La pulsione psicologica del Dio cristiano
E qui, in questo meccanismo psicologico, si annida la pulsione più oscura e inconfessabile del Dio cristiano: la gioia sottile di vedere le sue creature fallire, inciampare, peccare, per poi poterle giudicare, punire, redimere a piacimento.
Il Dio cristiano, quello delle domeniche in chiesa e delle madonne piangenti, non è altro che il più grande dei falliti: ha creato l’uomo a sua immagine e somiglianza, e poi non ha saputo far altro che biasimarlo per non essere abbastanza divino.
Un Dio che si compiace del peccato perché senza peccato non avrebbe ragione d’esistere, e che, invece di combattere la propria pulsione al fallimento, la istituzionalizza, la canonizza, la fa dogma.
Non è un caso che anche Aldo Busi, nel suo libro "Bisogna avere i coglioni per prenderlo nel culo", affronti il tema del Dio cristiano con la sua consueta lucidità dissacrante.
Busi tratteggia la divinità come una proiezione delle nostre debolezze, un’entità che si compiace della nostra incapacità di essere all’altezza, quasi fosse un supereroe inventato da adulti che non hanno mai smesso di essere bambini.

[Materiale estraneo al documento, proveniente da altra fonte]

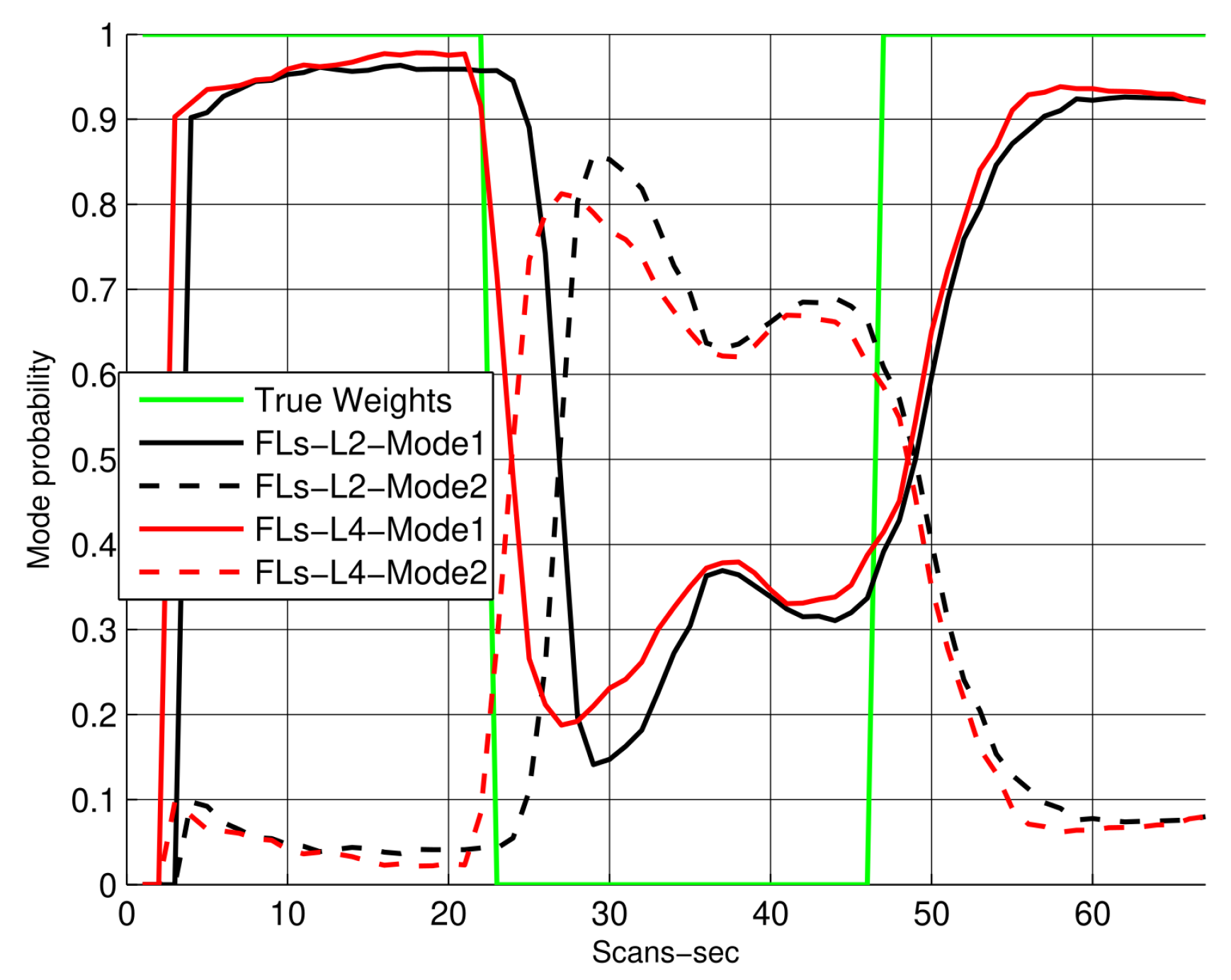 Sensors 22 07848 g008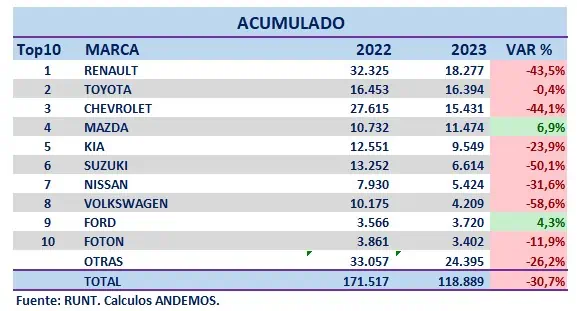 Por onceavo mes consecutivo caen ventas de vehículos en Colombia Venta de vehículos en Colombia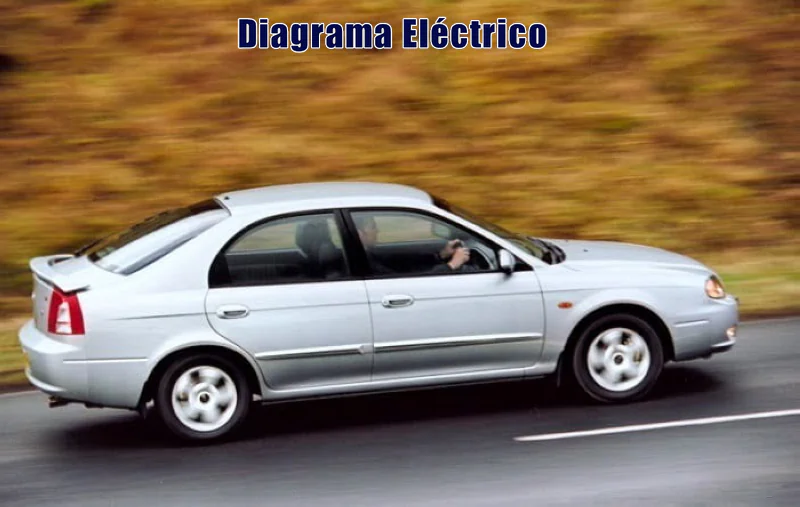 Descargar Diagrama Eléctrico Kia Shuma 2009 Gratis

Il Dio cristiano, secondo Busi, è una figura che, anziché emanciparci, ci tiene in uno stato di eterna dipendenza e colpa, non troppo diverso da come un bambino si aggrappa all’Uomo Ragno per sentirsi protetto e giustificato.
Complicità e promozione del fallimento
Chi non ha voluto combattere questa pulsione, chi si è limitato a subirla, a giustificarla, a celebrarla nei riti e nelle processioni, ne è stato il promotore più zelante.
I santi, i martiri, i flagellanti: tutti complici di un sistema che si regge sulla colpa, sulla vergogna, sulla necessità di essere sempre in difetto rispetto a un modello irraggiungibile.
Nessuno che abbia mai avuto il coraggio di dire:
“No, io non ci sto.
Preferisco essere felice da solo che infelice in compagnia.
Preferisco la mia solitudine al vostro coro di lamenti.”
La società come oratorio di falliti
La società, oggi più che mai, è un grande oratorio di falliti che si danno di gomito, che si scambiano pacche sulle spalle, che si raccontano a vicenda che la colpa non è loro, ma di un sistema, di un destino, di un Dio che li ha voluti così.
E chi prova a uscire dal coro, chi osa anche solo pensare di poter essere felice senza chiedere il permesso, viene subito richiamato all’ordine, sbeffeggiato, ostracizzato.
Il fallito non tollera la felicità altrui: la vive come un affronto personale, una bestemmia contro la sua religione privata della sconfitta.
I promotori attivi del fallimento
Ma c’è di peggio: il fallito che si fa maestro, che si fa guida, che si fa pastore di un gregge di altri falliti.
È il sacerdote che predica l’umiltà perché non ha mai conosciuto la grandezza, il politico che invita al sacrificio perché non ha mai saputo godere, il genitore che insegna la rinuncia perché non ha mai avuto il coraggio di desiderare.
Sono loro i veri promotori della pulsione al fallimento: non la subiscono, la amministrano, la distribuiscono come ostie avvelenate.
Il coraggio di dire basta
E allora?
Allora bisogna avere il coraggio di dire basta.
Bisogna avere i coglioni – sì, proprio quelli – per prendersi la responsabilità del proprio destino, per accettare il rischio della felicità, per smettere di cercare consolazione nella sconfitta altrui.
Bisogna imparare a stare soli, a non chiedere l’approvazione di chi non ha mai avuto il coraggio di essere diverso.
Bisogna, in definitiva, smettere di credere in un Dio che gode delle nostre cadute e imparare a credere, se proprio dobbiamo, in un Dio che ci vuole vivi, gioiosi, indomiti.
Meglio eretici che santi nel paradiso dei perdenti
Il vero peccato non è il fallimento, ma la complicità nella sua diffusione.
Il vero inferno non è la solitudine, ma la compagnia forzata dei falliti.
E allora, meglio essere eretici, meglio essere esiliati, meglio essere felici contro tutto e contro tutti, che santi nel paradiso dei perdenti.